Durant son temps comme responsable éditorial chez DC (qui lui vaudra un Wizard Fan en 1994), Augustyn a contribué à découvrir et promouvoir de nombreux artistes comme Humberto Ramos, Travis Charest, Ethan Van Sciver, ou Mike Parobeck. Flash notamment sera un vrai catalyseur de carrière. En quelques mois, il fait défiler sur la série Mike Wieringo, Carlos Pacheco, Salvador Larrocca et Oscar Jimenez qui verront leurs trajectoires littéralement décollées grâce à ses passages. Tout à une fin cependant. En 1996, il décide de quitter son poste pour devenir scénariste freelance. Il devient officiellement le co-scénariste de Waid sur Flash et l'épaule sur X-O Manowar et Operation Stormbreaker pour Acclaim, Ash: Cinder & Smoke et Painkiller Jane pour Event Comics, le cross-over Vampirella/Painkiller Jane pour Harris Comics et JLA: Year One et le roman graphique The Flash: The Life Story of Barry Allen.
Hell
Seul, il signe une mini-série Imperial Guard pour Marvel Comics et scénarise les deux séries d'Humberto Ramos pour Wildstorm : Crimson et Out There. Il écrira aussi un Lady Death/Medieval Witchblade et un Lady Death/Bedlam avec Brian Pulido pour Chaos Comics.

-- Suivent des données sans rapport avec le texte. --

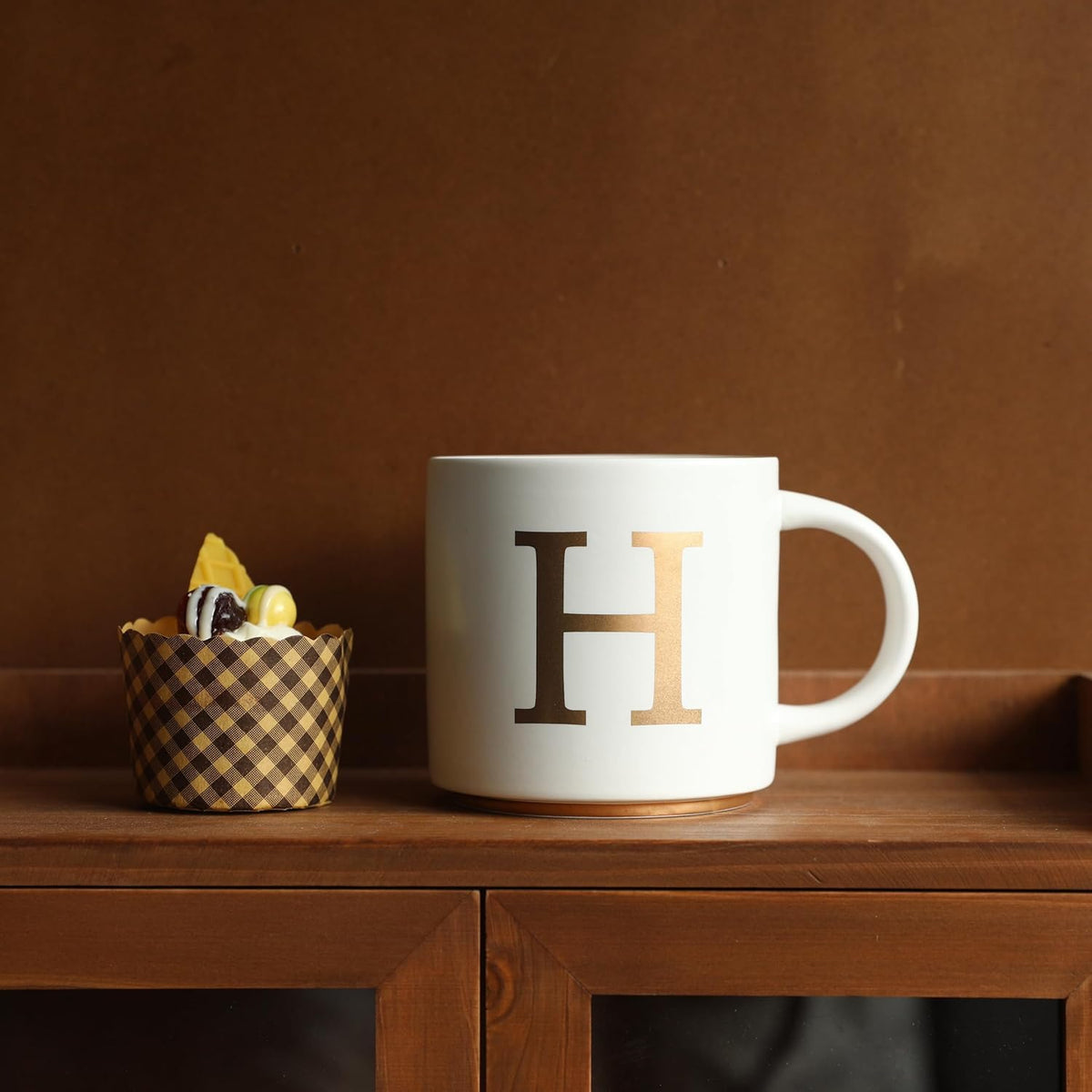 COLLECTIVE HOME - Monogram Ceramic Mugs, 15 oz Golden Initial Coffee Cups, Elegant Alphabet Tea Mugs, Elegant Personalized Mug with Gift Box, Unique Mug with Double Side Capital Letter (H)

Au cours des années 2000, il intègre Visionary Creative Services, un studio qui se veut à la fois un fournisseur de contenu pour différents éditeurs et un centre de formation pour jeunes auteurs. Augustyn y apporte son expérience d'éditeur et de scénariste. Il écrira alors pour de nombreuses maisons d'édition. Pour Dreamwave, ce sera une mini-série consacrée au personnage de jeu vidéo Mega Man, au titre de fantasy Warlands et la courte série Duel Masters. Il comptera aussi parmi les premiers auteurs de Speakeasy pour lequel il écrira les débuts de la série Beowulf. Parmi les curiosités, on peut citer qu'il scriptera l'adaptation d'un roman chrétien apocalyptique pour les éditions Tyndale House. Il fera également un tour chez Dark Horse avec un numéro de Star Wars Tales, de B.P.R.D et la mini-série Hell. Il écrira aussi le cross-over Painkiller Jane/Hellboy et Painkiller Jane/Darkchylde. Il retrouvera l'univers de son Batman victorien dans un numéro spécial de DC, The Search for Ray Palmer: Gotham by Gaslight et Wally West dans DC Retroactive: Flash - The 90's.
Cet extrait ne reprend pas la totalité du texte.